ECLI:NL:OGEABES:2022:49

Gerecht in eerste aanleg van Bonaire, Sint Eustatius en Saba

Datum uitspraak
24 augustus 2022
Publicatiedatum
30 augustus 2023
Zaaknummer
BON202200157
Instantie
Gerecht in eerste aanleg van Bonaire, Sint Eustatius en Saba
Type
Uitspraak
Rechtsgebied
Civiel recht
Procedures
  • Eerste aanleg - enkelvoudig
Vindplaatsen
  • Rechtspraak.nl
AI samenvatting door LexboostAutomatisch gegenereerd

Bevoegdheid van de deurwaarder als gemachtigde in civiele procedures op Bonaire, Sint Eustatius en Saba

In deze zaak, behandeld door het Gerecht in eerste aanleg van Bonaire, Sint Eustatius en Saba, is de bevoegdheid van een deurwaarder om als gemachtigde op te treden aan de orde.
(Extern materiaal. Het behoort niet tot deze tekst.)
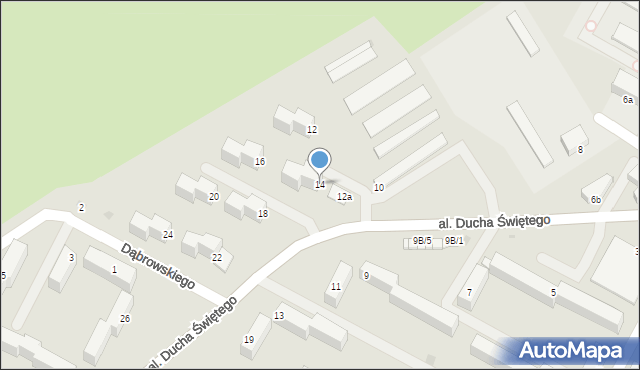 Mielec, Aleja Ducha Świętego, 14, mapa Mielca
De eiser, wonende te Curaçao, heeft een verzoekschrift ingediend via deurwaarder M.A.A. Manuel-Bernabela. De zaak betreft een geldvordering van NAf 150.000,-, wat aanzienlijk hoger is dan het bedrag van USD 5.587,- dat als maximumbedrag geldt voor deurwaarders in de openbare lichamen. Artikel 13 lid 1 van de Deurwaarderwet BES verbiedt de deurwaarder om bij het gerecht waarbij hij zijn dienst verricht als gemachtigde op te treden, tenzij de vordering een geldsom betreft die een bij ministeriële regeling vastgesteld bedrag niet te boven gaat. Aangezien de ministeriële regeling nog niet is ingesteld, is het gerecht van mening dat er een leemte is ontstaan in de wetgeving. Het gerecht besluit om het bedrag van USD 5.587,- als richtlijn te hanteren, wat in lijn is met de bestaande praktijk in de regio. De deurwaarder is derhalve niet bevoegd om als gemachtigde op te treden in deze zaak. De eiser kan de procedure echter in persoon voortzetten of een andere bevoegde gemachtigde aanstellen. De zaak is verwezen naar de rolzitting van 28 september 2022 voor verweer door de gedaagde.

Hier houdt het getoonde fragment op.